* **Entries provided**

::::::

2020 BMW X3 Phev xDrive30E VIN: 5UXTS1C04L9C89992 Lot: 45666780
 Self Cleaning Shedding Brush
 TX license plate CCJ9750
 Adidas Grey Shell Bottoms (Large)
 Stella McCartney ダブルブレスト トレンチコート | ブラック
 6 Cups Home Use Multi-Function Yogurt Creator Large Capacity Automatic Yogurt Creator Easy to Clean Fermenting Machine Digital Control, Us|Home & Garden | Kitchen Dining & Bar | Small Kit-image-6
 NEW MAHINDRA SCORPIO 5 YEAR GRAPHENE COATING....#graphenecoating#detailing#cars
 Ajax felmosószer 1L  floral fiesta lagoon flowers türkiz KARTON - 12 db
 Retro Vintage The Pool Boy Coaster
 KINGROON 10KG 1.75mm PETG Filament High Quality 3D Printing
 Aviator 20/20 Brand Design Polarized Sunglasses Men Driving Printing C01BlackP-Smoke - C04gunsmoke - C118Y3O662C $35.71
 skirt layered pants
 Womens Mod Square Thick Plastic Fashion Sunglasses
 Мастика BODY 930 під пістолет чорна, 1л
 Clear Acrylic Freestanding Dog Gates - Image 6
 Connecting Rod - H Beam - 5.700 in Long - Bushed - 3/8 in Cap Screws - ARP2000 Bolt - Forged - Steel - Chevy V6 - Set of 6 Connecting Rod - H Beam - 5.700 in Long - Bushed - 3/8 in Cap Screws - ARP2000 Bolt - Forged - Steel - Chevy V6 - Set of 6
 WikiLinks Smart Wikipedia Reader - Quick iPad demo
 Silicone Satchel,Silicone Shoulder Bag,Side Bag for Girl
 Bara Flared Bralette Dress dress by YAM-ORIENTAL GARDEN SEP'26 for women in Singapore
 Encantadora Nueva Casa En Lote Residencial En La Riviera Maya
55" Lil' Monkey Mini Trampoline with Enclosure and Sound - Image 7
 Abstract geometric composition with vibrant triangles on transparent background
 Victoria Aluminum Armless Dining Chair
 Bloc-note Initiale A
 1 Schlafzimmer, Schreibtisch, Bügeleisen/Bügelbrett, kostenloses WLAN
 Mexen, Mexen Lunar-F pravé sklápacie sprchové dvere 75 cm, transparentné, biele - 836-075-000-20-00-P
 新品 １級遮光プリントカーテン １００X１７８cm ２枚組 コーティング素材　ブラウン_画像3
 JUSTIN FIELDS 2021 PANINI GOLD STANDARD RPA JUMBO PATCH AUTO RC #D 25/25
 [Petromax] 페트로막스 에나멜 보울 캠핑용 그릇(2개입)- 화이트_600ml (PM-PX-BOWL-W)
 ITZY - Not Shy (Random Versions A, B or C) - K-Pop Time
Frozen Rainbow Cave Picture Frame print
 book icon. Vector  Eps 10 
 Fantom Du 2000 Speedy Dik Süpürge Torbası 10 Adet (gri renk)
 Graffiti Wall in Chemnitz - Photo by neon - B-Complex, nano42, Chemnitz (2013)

::::::

* **Work instruction**
In the data above, find the line containing "Fantom Du 2000", then copy it and every later line exactly.

* **Answer**
 Fantom Du 2000 Speedy Dik Süpürge Torbası 10 Adet (gri renk)
 Graffiti Wall in Chemnitz - Photo by neon - B-Complex, nano42, Chemnitz (2013)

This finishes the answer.